Sólo tenía tres años cuando nos fuimos de la finca de mis abuelos. Dada mi edad, ni siquiera conocía la locución pero sabía que mis padres me quitaban un “paraíso terrenal”.
En aquel Eden particular, gozaba de toda libertad. Vogaba por los campos, aspirando el aire perfumado a flores silvestres (y también a boñiga o “tartas de vaca”). Saludaba a los animales; bebía agua del cubo de madera cogido arriba del pozo; y recogía en el pomar mis predilectas pequeñas manzanas verdes. Cada mañana el mundo renacía, y sentía que el mundo era mío.
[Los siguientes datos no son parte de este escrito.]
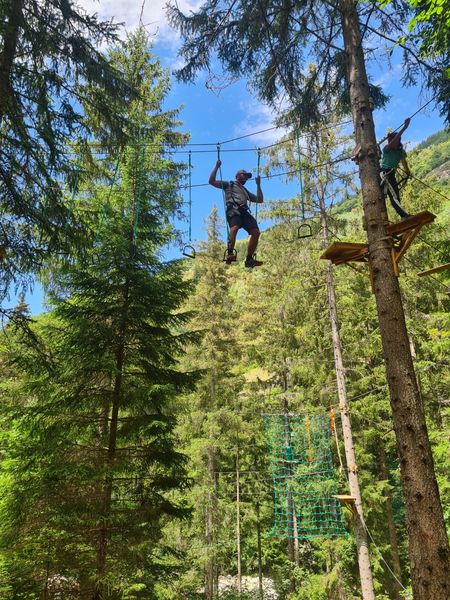 Bozel Aventure - Bozel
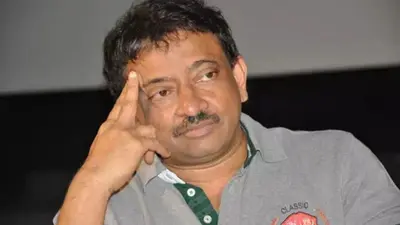 तलाक का जश्न मनाना चाहिए, धनुष- ऐश्वर्या के अलग होते ही राम गोपाल वर्मा ने कह दी ये बड़ी बात, ट्वीट वायरल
Pero ahora se me había venido el mundo abajo, y en el bungalow de mis padres estaba a la vez furiosa y como pez fuera del agua, pese a los esfuerzos de mi madre para mejorar mi humor. Hablando de peces, me compró un pez de colores, pero sólo había echado agua al mar (y al cuenco del pez). Estaba yo acostumbrada a la diversidad de seres aquáticos en el charco de la finca y no podía engañarme con ese pez aburrido dando vueltas monótonas en su cárcel de vidrio. A otro perro con ese huesco, – y con ese cuenco.
Entonces salío mi madre lo que debía considerar el plato de resistencia : un saco lleno de mis favoritas manzanas verdes. Apenas el saco entre mis manos, perdí los estribos y eché una lluvia de manzanas en dirrecíon a mi madre, como si fuera un juego de habilidad en un parque de atracciones, y mi madre el blanco. ¿Porqué hice eso ? Pues, porque los niños saben o intuen mucho más que lo piensan los adultos, y yo sabía que esas manzanas sólo eran un soborno, – un soborno risible.
Por otra parte, por supuesto, ya no conocía la historia de Adán y Eva (sin mencionar la versión feminista que prefiero, en la cual Adán un día pregunta, “¿ Dónde guardas las manzanas, Eva ?”. Sin embargo, fui castigada exactamente como ellos.
Perdí para siempre mi paraíso terrenal, lo que era una injusticia monumental porque, muy al contrario de Adán y Eva, había apretado los dientes, y me había negado a comer aun una pizca de las pequeñas manzanas verdes.